Abstract
Light chain deposition disease (LCDD) is a rare, clonal plasma cell proliferative condition. The deposition of nonamyloid monoclonal immunoglobulin light chains predominantly affects the kidneys, which may lead to end-stage renal disease, eventually requiring renal replacement therapy. The present study reported a rare case of LCDD that was confirmed after renal transplantation. A 49-year-old man initially presented with heavy proteinuria, hypoproteinemia, hyperlipidemia and renal insufficiency. The patient was diagnosed with nephrotic syndrome and pathological examination revealed fibrillary glomerulonephritis in 2014. Treatment was started with prednisolone. About 5 years later, the patient began to receive continuous hemodialysis due to worsening serum creatinine levels. Renal allograft transplantation was performed in 2020 and dialysis independence was achieved. Laboratory findings before renal transplantation revealed that serum and urine immunofixation electrophoresis was negative. Allograft kidney biopsy established the pathological diagnosis of LCDD at >1 year after renal transplantation for renal dysfunction. The treatment is challenging due to the lack of generally accepted standard treatment practices. Administration of bortezomib combined with dexamethasone was started.
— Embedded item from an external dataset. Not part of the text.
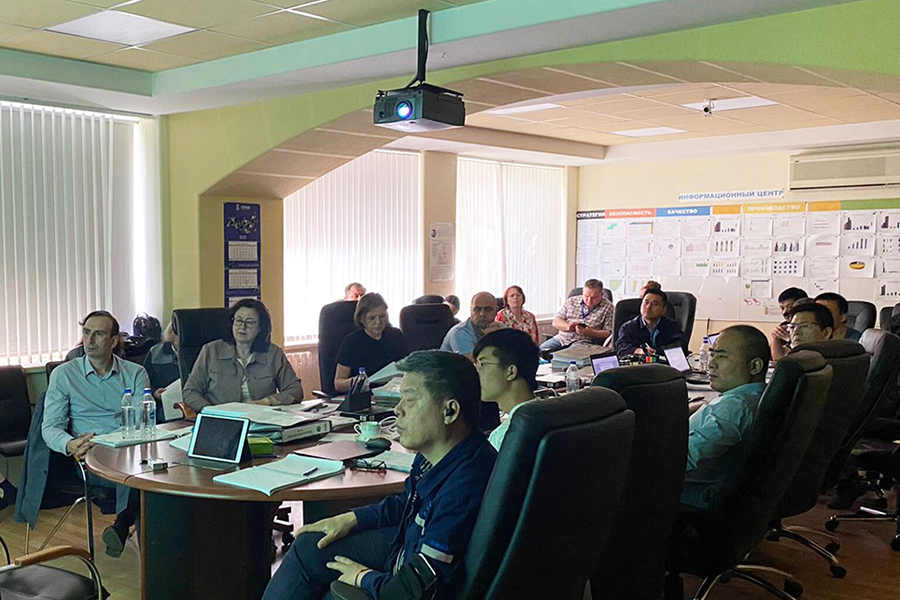 В ПАО «Контур» состоялся аудит представителей китайской корпорации JNPC
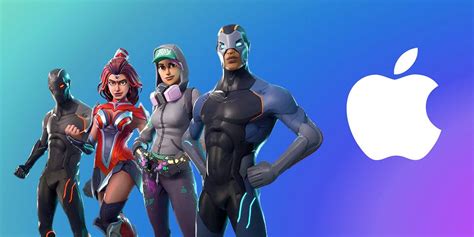 Apple Fires Back at Fortnite Dev Epic Games With Countersuit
As anemia and renal failure developed progressively, the treatment was switched to anti-CD38 antibody and continuous hemodialysis was restarted. The best response achieved was hematological partial response and relief of anemia. However, the patient's renal function did not improve and he remains to have end-stage kidney disease. LCDD is easily missed in cases in which serum and urine immunofixation electrophoresis is negative. Hence, early recognition of LCCD based on kidney biopsy is important. To the best of our knowledge, the use of anti-CD38 antibody therapy in patients with LCDD is rarely reported. Anti-CD38 antibody is effective in treating LCDD, but it may not reverse the marked deterioration of renal function.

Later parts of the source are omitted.